Records provided:
Start of Block

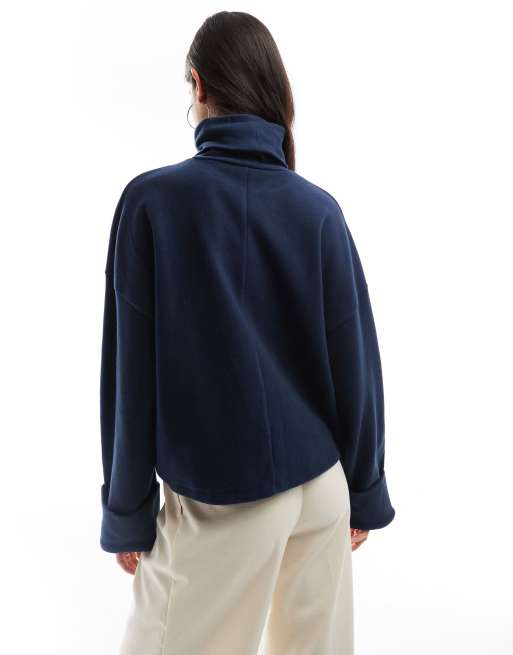 ASOS DESIGN - Pull à col roulé ultra-doux avec revers aux poignets - Bleu marine, 4 de 4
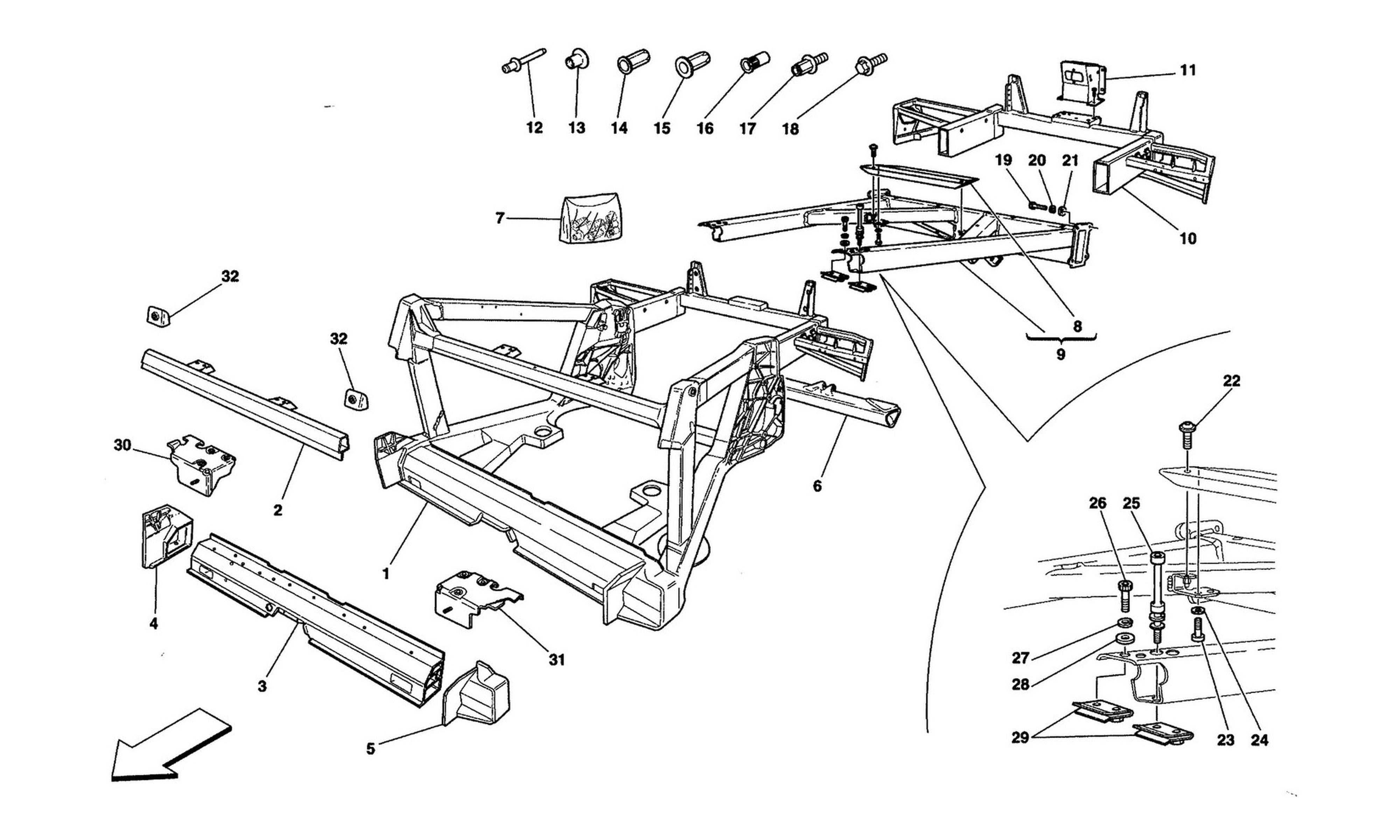 Schematic: Frame - Rear Elements Structures And Plates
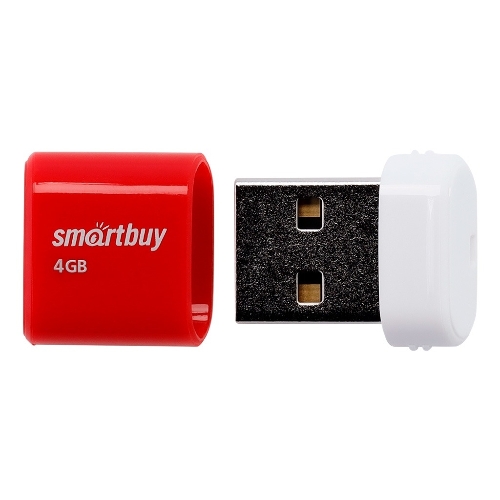Флешка USB Smartbuy LARA Red (SB4GbLara-R), 4Gb, USB 2.0, R/W 15/5, красный/белый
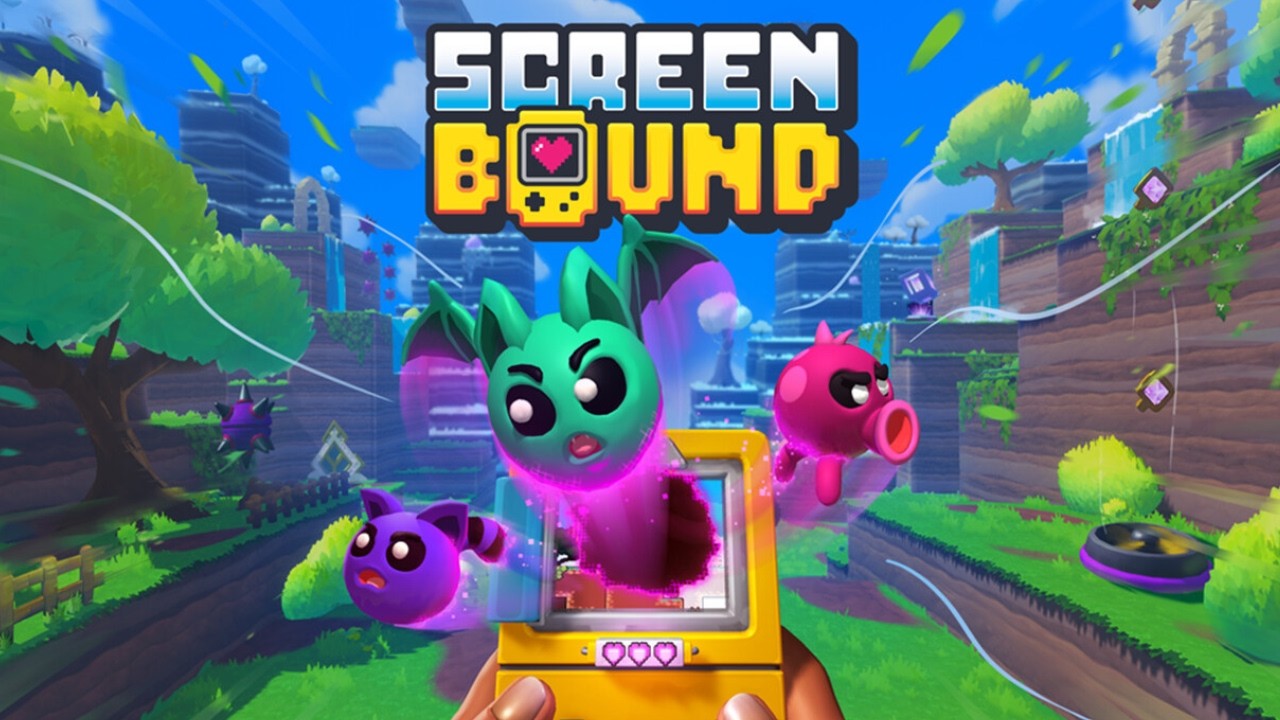 Personaje de Screenbound en el mundo 3D sosteniendo el Qboy con su version 2D en la pantalla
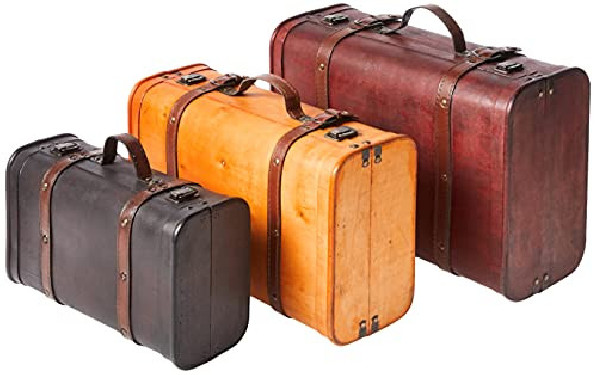 Vintiquewise QI003068.3 3-Colored Vintage Style Luggage Suitcase/Trunk, Set of 3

End of Block

Task to carry out: Print exactly the lines from the line with "Schematic: Frame - Rear" through the end of the data, both ends included, and print no pictures.

Your response:
 Schematic: Frame - Rear Elements Structures And Plates
Флешка USB Smartbuy LARA Red (SB4GbLara-R), 4Gb, USB 2.0, R/W 15/5, красный/белый
 Personaje de Screenbound en el mundo 3D sosteniendo el Qboy con su version 2D en la pantalla
 Vintiquewise QI003068.3 3-Colored Vintage Style Luggage Suitcase/Trunk, Set of 3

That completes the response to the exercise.